▸ Work to be completed
Please write out the lines of the data exactly, beginning with the first and ending with the line containing "After getting your"; leave the pictures behind.

▸ Information given
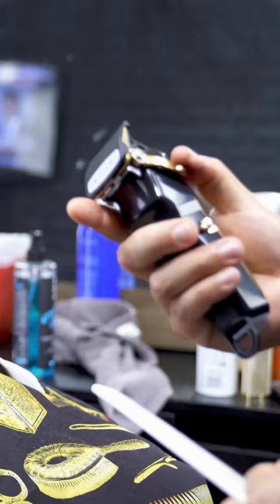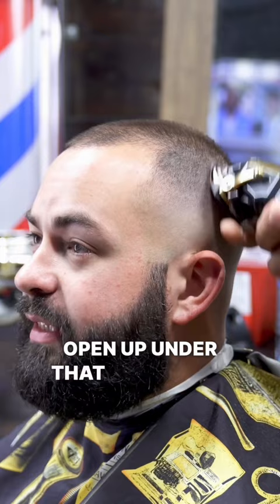Half guard with the lever halfway open — up under that one guard. Close the lever and blend up under that.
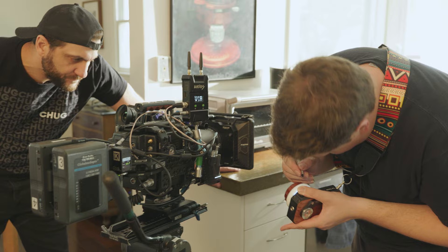Hey there, my name is Ben Meredith. I'm a director and cinematographer based out of Los Angeles, California. And today we are here to talk about the production of my new short film, Orchid.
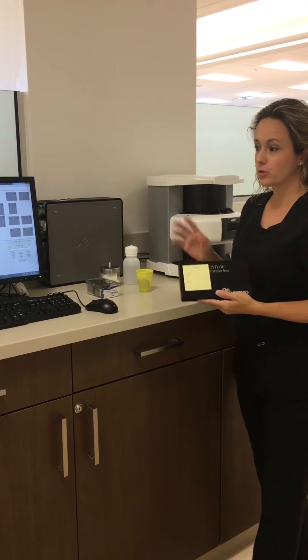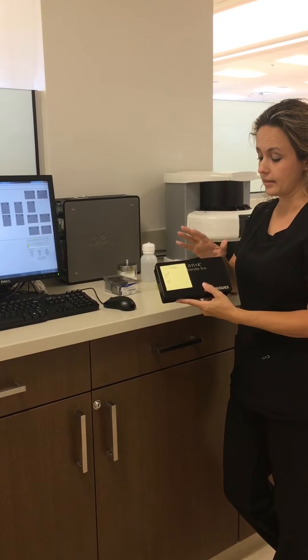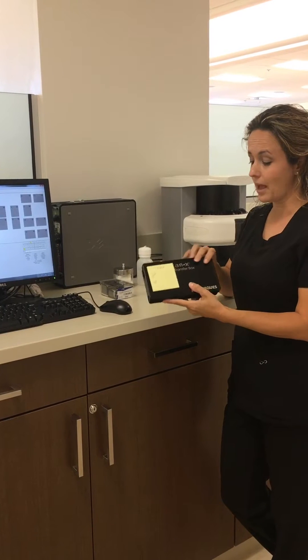After getting your prescription for your radiographs from your dentist, you are going to check out the ScanX PSP plates from your professor. You will be given your films in a black box.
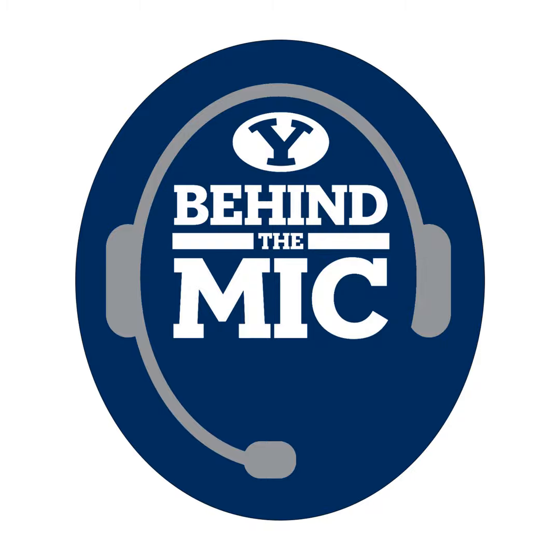We'll take a question from Mitch Harper and then Jake Hatch. What do you feel has been one of the biggest reasons for this early season success, at least on the defensive side?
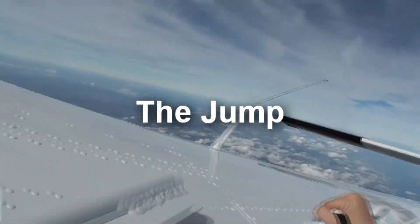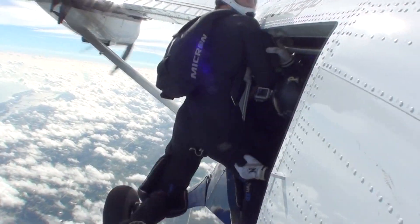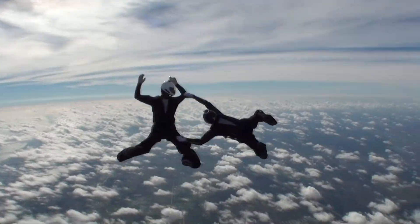Welcome to the Rhythm Skydiving Instructional Series. I'm your coach, Steve Lefkowitz. In this video, we'll talk about the two-way star, star.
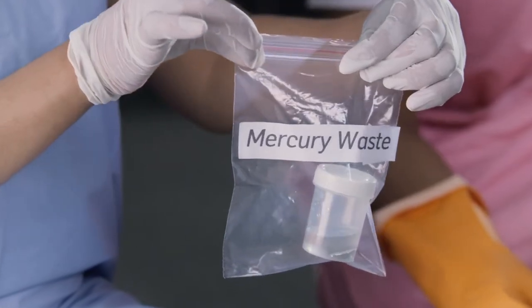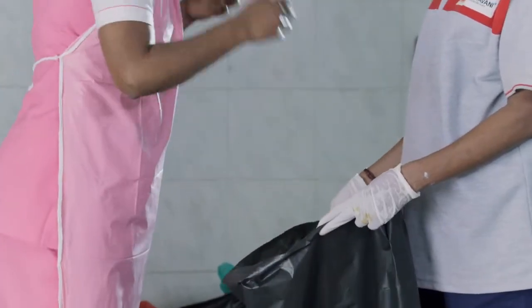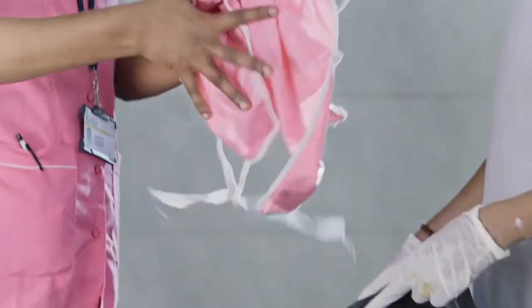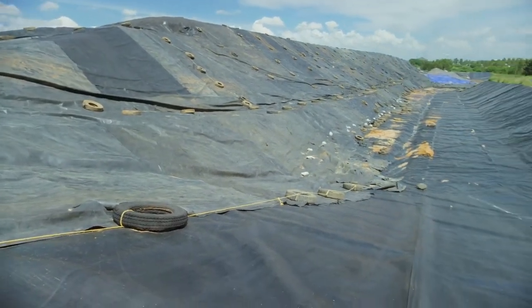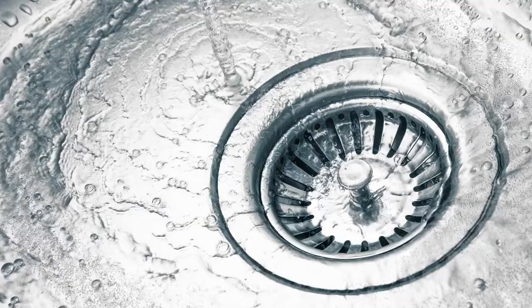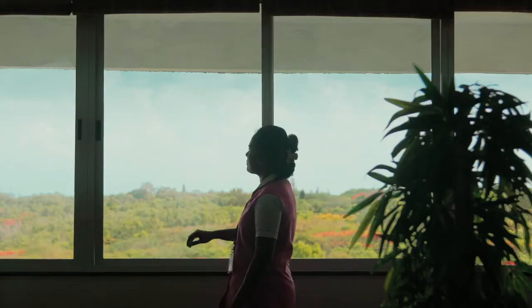Place all materials used during the cleanup into a leak-proof plastic bag and send this to the hazardous waste treatment, storage, and disposal facility. Do not discharge any mercury into the drain or sewer.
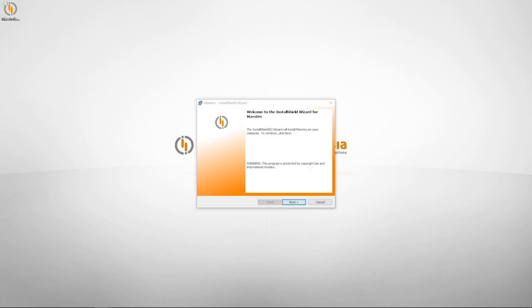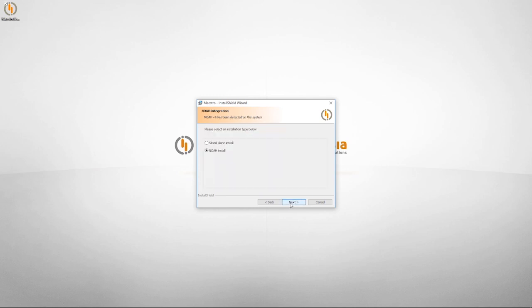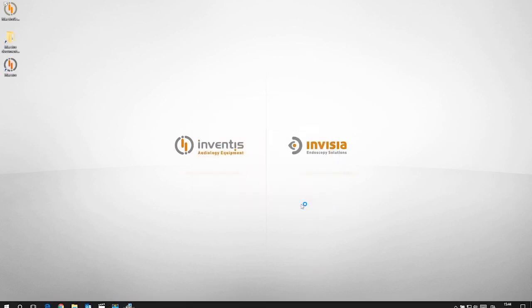Double click on the installer to run the application, confirm all the settings and then press install. Once installation has finished, connect the Clarinet and start Maestro by double-clicking on the icon.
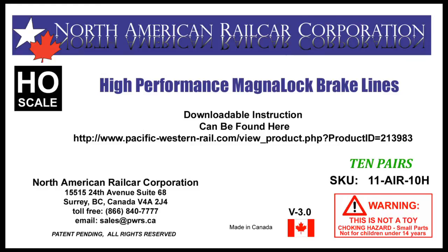Welcome to North American Railcar Corporation's second how-to video on the HO scale high performance MagnaLock brake lines. In this second video, the majority of steps will be the same as in the first video. The major exception is the jig we're going to use to help hold and align the air hose to the railcar as we glue it. There may also be some changes in the tools and supplies needed, so I recommend you watch the whole video again.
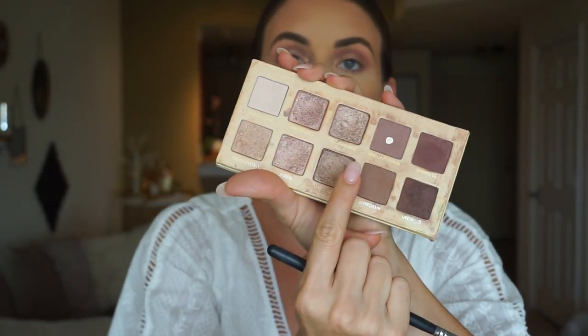I am going to go back in with Unconditional and Unspoken with a small pencil brush and just kind of trace underneath my lash line to give my eyes a little bit more of a pop.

▸ Response to the exercise
Half guard with the lever halfway open — up under that one guard. Close the lever and blend up under that.
Hey there, my name is Ben Meredith. I'm a director and cinematographer based out of Los Angeles, California. And today we are here to talk about the production of my new short film, Orchid.
After getting your prescription for your radiographs from your dentist, you are going to check out the ScanX PSP plates from your professor. You will be given your films in a black box.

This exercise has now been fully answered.